Code Capsules

Text Processing III: Substrings

Chuck Allison


Much of text processing concerns itself with substrings, that is, finding or extracting strings embedded within lines of text. The program find1.c (Listing 1) prints all lines from a text file that contain a given string.

Applying find1 to its own source file with "search" as the search string (argv[1]) gives the output

char *search_str;
search_str= argv[l];
if (strstr(line,search_str))
find1 calls the function strstr to determine if one string is a substring of another. strstr(s1,s2) returns a pointer to the first occurrence of s2 in s1, if it exists, or NULL if it doesn't. Only exact matches succeed (so the line with the comment containing Search didn't print).

To ignore case in the search, convert copies of the strings to the same case, as the program find2. c (Listing 2) illustrates. Processing find1. c with find2 now gives all occurrences of the search string, regardless of case:

char *search_str;
return 1;  /* Search string required */
search_str= argv[1];
if (strstr(1ine,search_str))
Some compilers provide strlwr, a function not in the standard library. (It originated with UNIX). However, you can easily write it yourself with tolower as demonstrated in Listing 3.

Tokens

Many programs are command driven. That is, they sequentially process lines of text representing user instructions. (This is how command interpreters like the MS-DOS and UNIX shells work, of course, and how the line-oriented text editors of yore worked, remember?) A program will parse each line into its components, usually called tokens. The library function strtok recognizes tokens as substrings scattered among separators (sometimes called break characters). It skips any leading separators, and then collects characters as a substring until another separator is encountered. The program in Listing 4 extracts tokens by ignoring space and punctuation characters. Figure 1 contains sample input and Figure 2 contains output from token1. c.

The program token1 first calls strtok with a pointer to the beginning of the line to be parsed. strtok inserts a null character directly into the string to delimit the first token (overwriting the space after the s in This). Then it sets its internal pointer to the character after that null character (the i in is), and returns a pointer to the beginning of the first token (the T in This), as illustrated in Figure 3.

When we call strtok with a NULL first argument, it picks up where it left off (the i in is). When it can no longer find any tokens, strtok itself returns NULL. Note that you can change the break set with each call to strtok. That makes this parsing scheme somewhat more flexible than using sscanf, although inserting null bytes into the string can be awkward in some instances. (See the Code Capsule "Text Processing I" in CUJ October 1992, for sscanf examples).
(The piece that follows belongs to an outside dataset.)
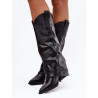 221525 Bottes à talons Step in style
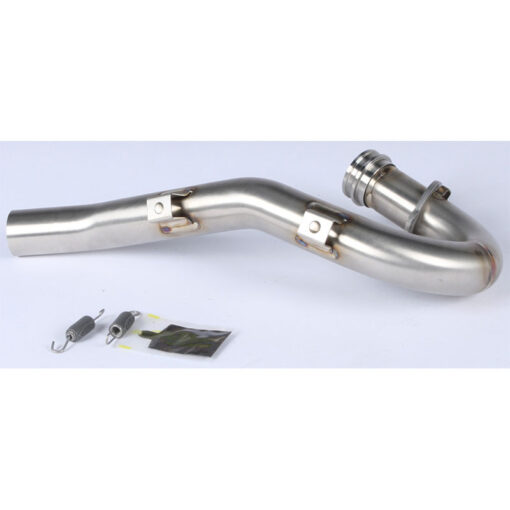 STAINLESS STEEL HEAD PIPE Honda CRF450R 2004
To ignore digits as well as space and punctuation, you merely add them to the break-set string. It doesn't take long, however, to realize that break sets can become quite unwieldy. It is often easier to specify the characters that comprise tokens rather than those that separate them. Listing 5 introduces such a function, strtokf, similar to strtok, except that it recognizes tokens via a user-supplied function that identifies acceptable characters. The program in Listing 6 uses strtokf to extract alphabetic tokens from the same input as in the previous example. This time the output is:

This
is
just
a
test
Good
bye

Parsing Delimited Input

Another common parsing practice is to locate specific delimiting characters in a string. (This is especially useful for parsing filenames.) The standard library provides this capability via the two functions

char *strchr(char *s, char c);
char *strrchr(char *s, char c);
strchr returns a pointer to the first occurrence of c in s and strrchr returns a pointer to the last occurrence (the extra r in its name signals that it searches from the rightmost or rearmost). Both functions return NULL if the character is not found. The program in
Listing 7 uses strchr to extract fields separated by commas (see Figure 4 and Figure 5 for the input and output, respectively).

strchr is particularly useful in cases like this where the delimiters can occur adjacent to one another. For example, the input line

,,,
would be passed over by strtok as a stream of separators.